Éste convence al marinero para que se una a su inenarrable séquito a bordo de un crucero.


En una escena clave, el protagonista observa anonadado los desprecios, las mentiras y el daño que se infrigen sus antagonistas y los compara con la locura de los tiburones que, ante el olor a sangre, se asesinan unos a otros.
Bajo la metáfora, se desarrolla el drama de "La Dama de Shanghai", donde todos mienten, se ponen trampas y se destruyen a dentelladas. 
El argumento, no obstante, es alienado por Welles que, impone su cámara, su mirada y su voz desde el primer momento.


Entre la inquietud y el distanciamiento, "La Dama de Shanghai" desecha pronto la coherencia, sumiéndose en su atmósfera atormentada y apocalíptica. 
Dos años después de la bomba atómica, los personajes de "La Dama de Shanghai" temen el Apocalipsis, sin saber que ni merecen tan digno final.
Como decíamos, cuenta la locura. Y cómo aparece conjugada con el amor, la sociedad, la codicia, el miedo o la destrucción mutua. 

Glenn Anders

Welles se precia en jugar a Brecht en las escenas del juicio, riéndose del morbo inherente al género criminal. 
Lo que está ocurriendo se contrapone a las vulgares emociones del público: las viejas que comentan la jugada, el que bosteza, el que no entiende, los que se ríen por cualquier motivo.
Del juicio al teatro chino, del teatro chino a un parque de atracciones.
Reforzando su carácter de pesadilla en el manicomio, la acción desemboca en una casa de la guasa, donde irrumpe el laberinto de espejos, suntuoso y fascinante clímax.

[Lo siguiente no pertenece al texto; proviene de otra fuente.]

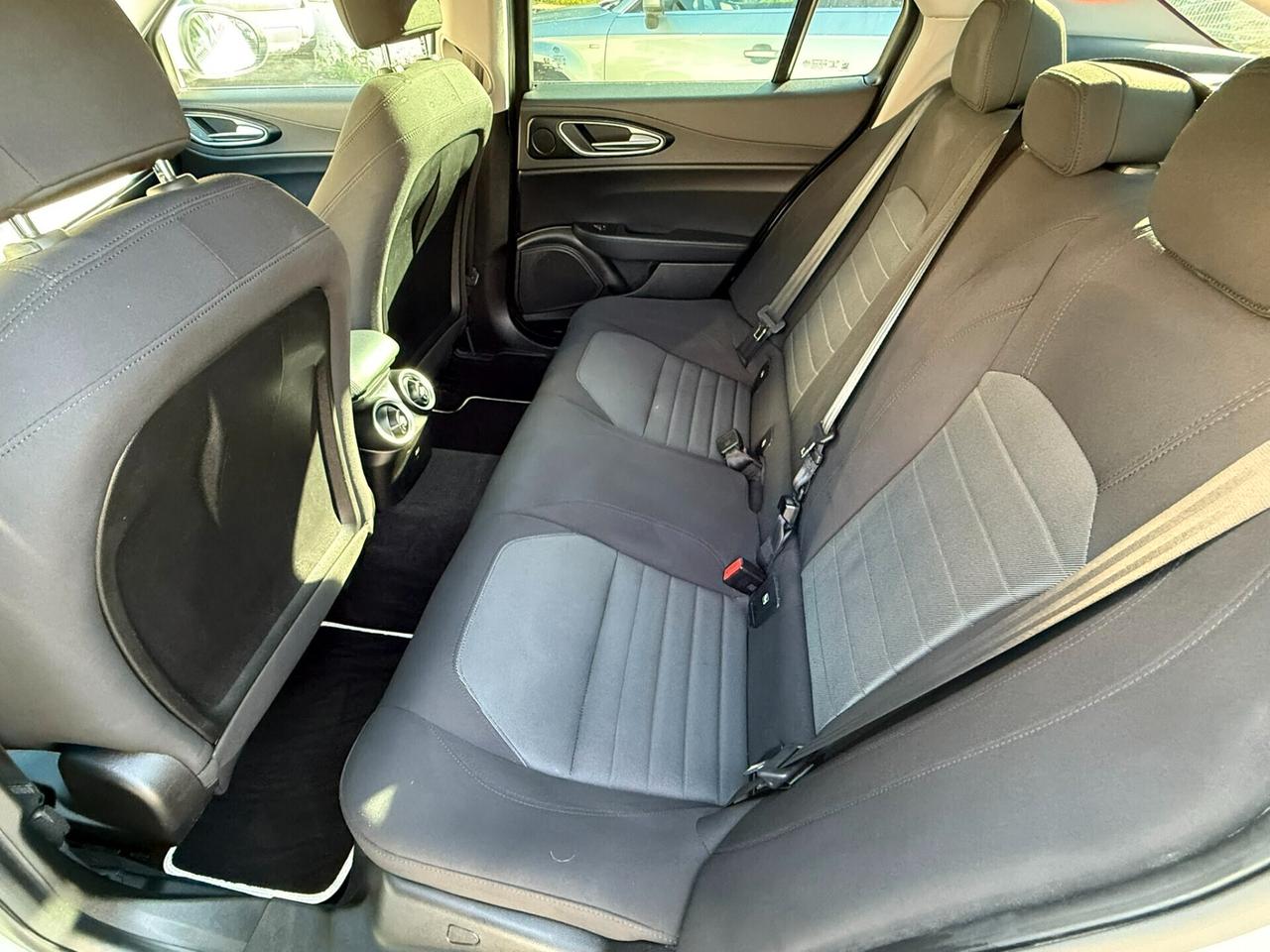 Alfa Romeo Giulia 2.2 Turbodiesel 150 CV AT8 Super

"Empiezo a estar harto de nosotros"

La falsedad de los personajes y sus mentiras se cuentan desde los distintos reflejos, que se van superponiendo unos a otros, entre el encuentro y el desencuentro, como tiburones majaretas ante la esquizofrenia de la muerte.
Pese al desencanto final, el andar de su personaje hacia mejores lugares parece indicar cierto optimismo: el despertar de la pesadilla, y la necesidad de olvidar en la medida de lo posible.
Parecía que Welles fuera como su personaje; ese extraño que había sido solicitado por los círculos de la aristocracia estadounidense, a la que viera llena de seres infelices y patéticos, desesperados por comprar su talento. 
Como el héroe de esta película, Welles los llamó tiburones, sufrió un día y se fue por la puerta al siguiente.


De las extravagancias de "La Dama de Shanghai", la que más indignó a Harry Cohn fue el look de Rita Hayworth. La sedosa melena pelirroja de Rita había sido cortada y teñida de rubio. 
Obedecía a un intento de vulgarizarla, incluso de afearla, en lo que se contó como una declaración de odio por parte de Welles. 
Quizá, también, como fruto de la envidia ante la belleza de su esposa.

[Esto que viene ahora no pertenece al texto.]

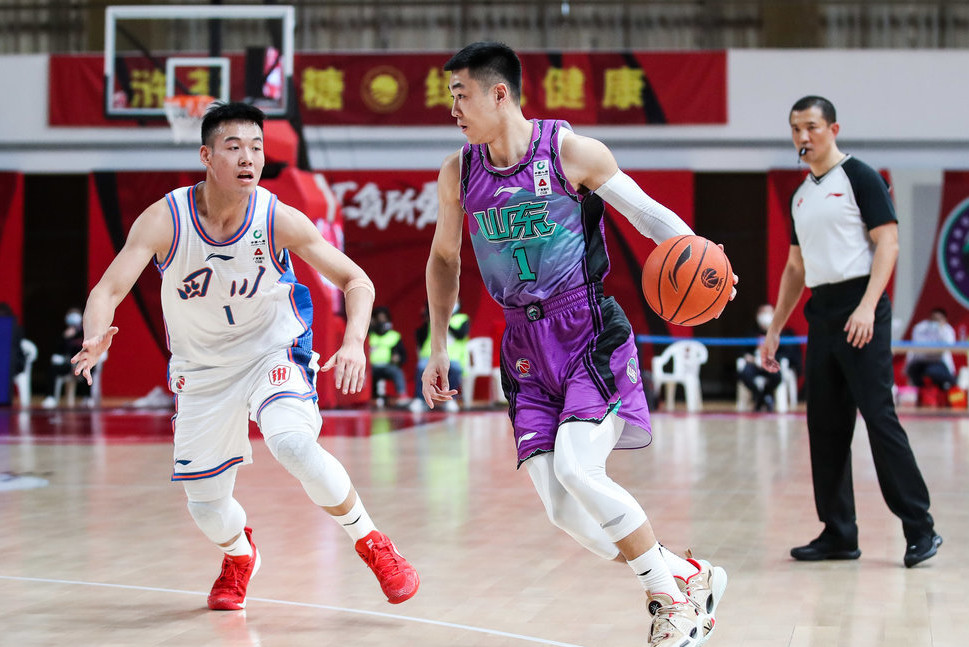 队伍势均力敌,最终从容获得胜利的选手是他 队伍势均力敌,最终从容获得胜利的选手是他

Aún así, es uno de los grandes hallazgos de la película, porque la apariencia entre hermosa y barata de Rita refuerza la sensación de ambigüedad, de dualidad del personaje, romántico e hipócrita, sublime y estúpido. 
Y, de manera gradual, la bonita mujer del carruaje de la primera secuencia va degenerando hasta la fiera grotesca que se arrastra por el suelo en su última escena. 
En esta pieza visionaria, la verdad de un personaje se cuenta forzosamente a través de su artificialidad. 


"La Dama de Shanghai" suele verse como un barroco ejercicio de estilo o el borrador de algo que pudo ser mejor, pero podría decirse que es precisamente su condición de obra maldita y destrozada lo que refuerza su vibración pesadillesca. 
Y como toda pesadilla, "La Dama de Shanghai" es absurda, extraña, indescifrable, sensual, llena de poética. 


Si esta película no es una obra de arte, ¿qué lo es?